Stored data entries.

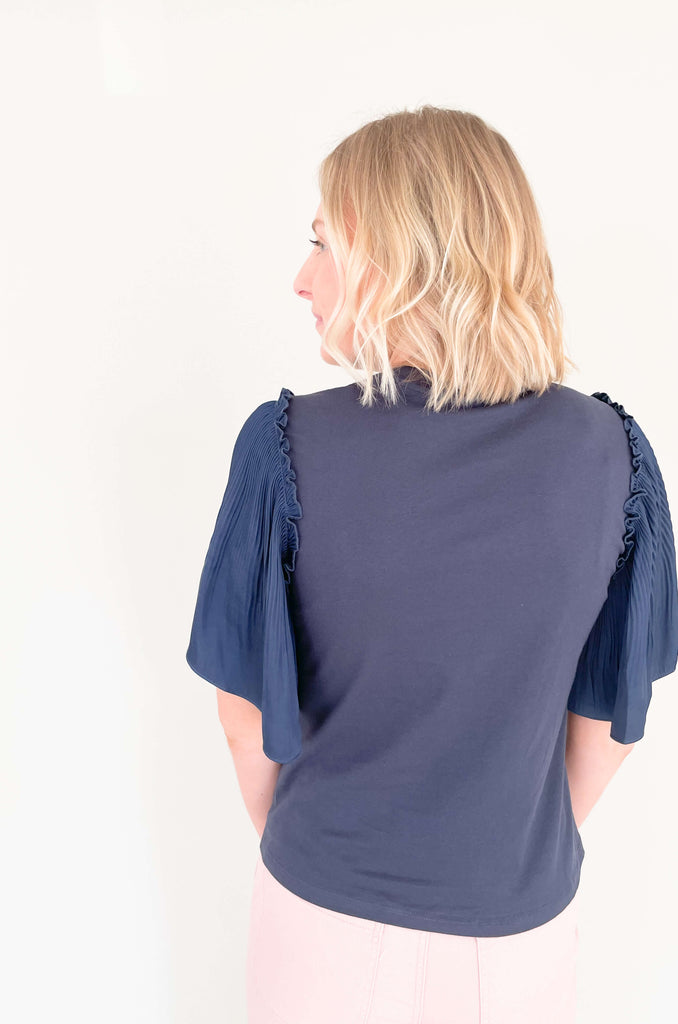 Be a trendsetter in this fluttering, flirty Contrast Pleated Flutter Sleeve Shirt! In a showstopping silhouette, you'll have everyone's eyes on you. Super silky sleeves, with pleats of perfection and contrast body, this blouse is perfect for special events, date night, birthdays, you name it! 
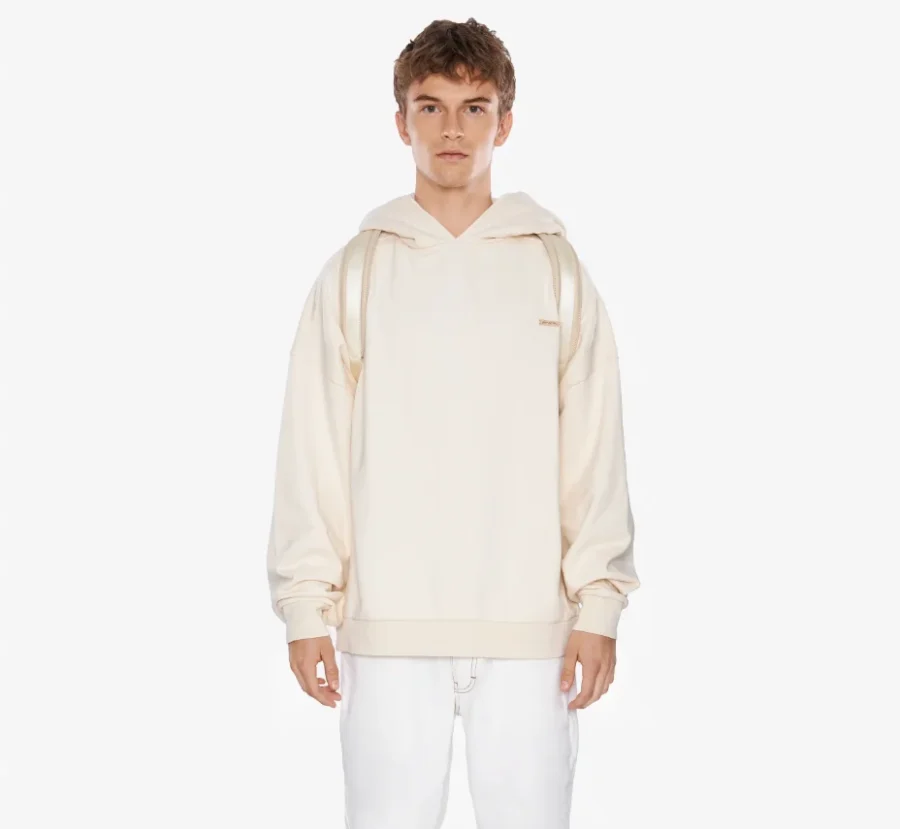 Front view of a man modeling a boxy heavy off-white soft oversized men's hoodie with raw edges.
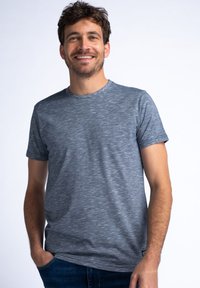 Šedé tričko s krátkým rukávem a jemnou heather texturou, kulatým výstřihem a plochými švy. Nosené s modrými džíny, které ukazují ležérní střih.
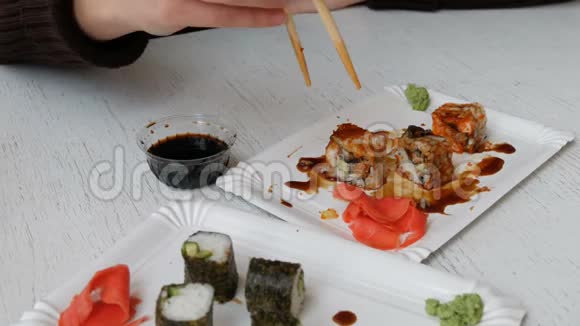 日本餐馆里的女人吃寿司卷配筷子视频的预览图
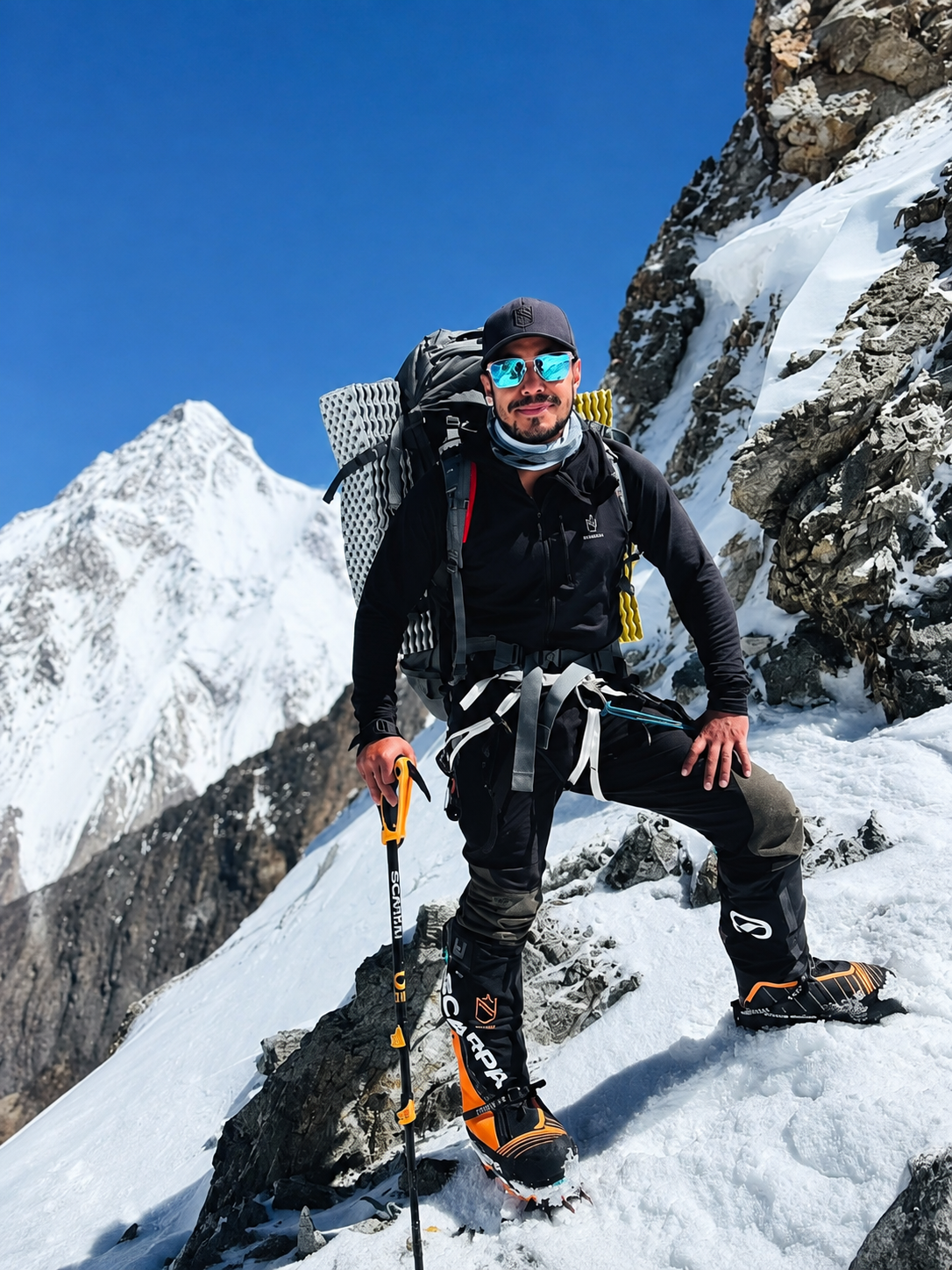 Nimsdai Purja standing on a snowy mountain ridge during a high-altitude mountaineering expedition with technical climbing equipment.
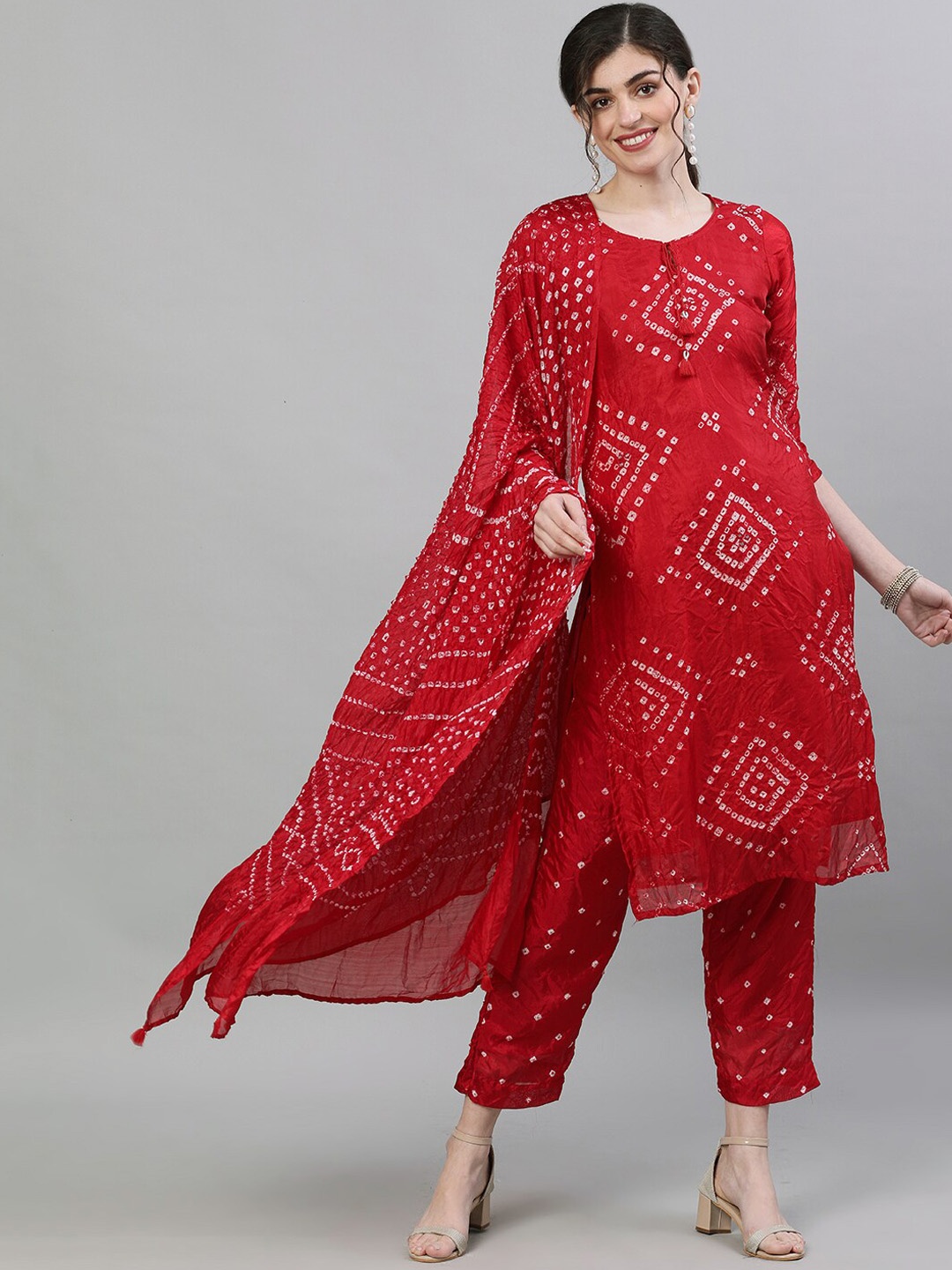 

Ishin Women Bandhani Dyed Mirror Work Kurta with Trousers & With Dupatta, Red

Aim of the task. Every line above should be copied exactly; do not carry over the pictures.

Result of this task.
 Be a trendsetter in this fluttering, flirty Contrast Pleated Flutter Sleeve Shirt! In a showstopping silhouette, you'll have everyone's eyes on you. Super silky sleeves, with pleats of perfection and contrast body, this blouse is perfect for special events, date night, birthdays, you name it! 
 Front view of a man modeling a boxy heavy off-white soft oversized men's hoodie with raw edges.
 Šedé tričko s krátkým rukávem a jemnou heather texturou, kulatým výstřihem a plochými švy. Nosené s modrými džíny, které ukazují ležérní střih.
 日本餐馆里的女人吃寿司卷配筷子视频的预览图
 Nimsdai Purja standing on a snowy mountain ridge during a high-altitude mountaineering expedition with technical climbing equipment.

Ishin Women Bandhani Dyed Mirror Work Kurta with Trousers & With Dupatta, Red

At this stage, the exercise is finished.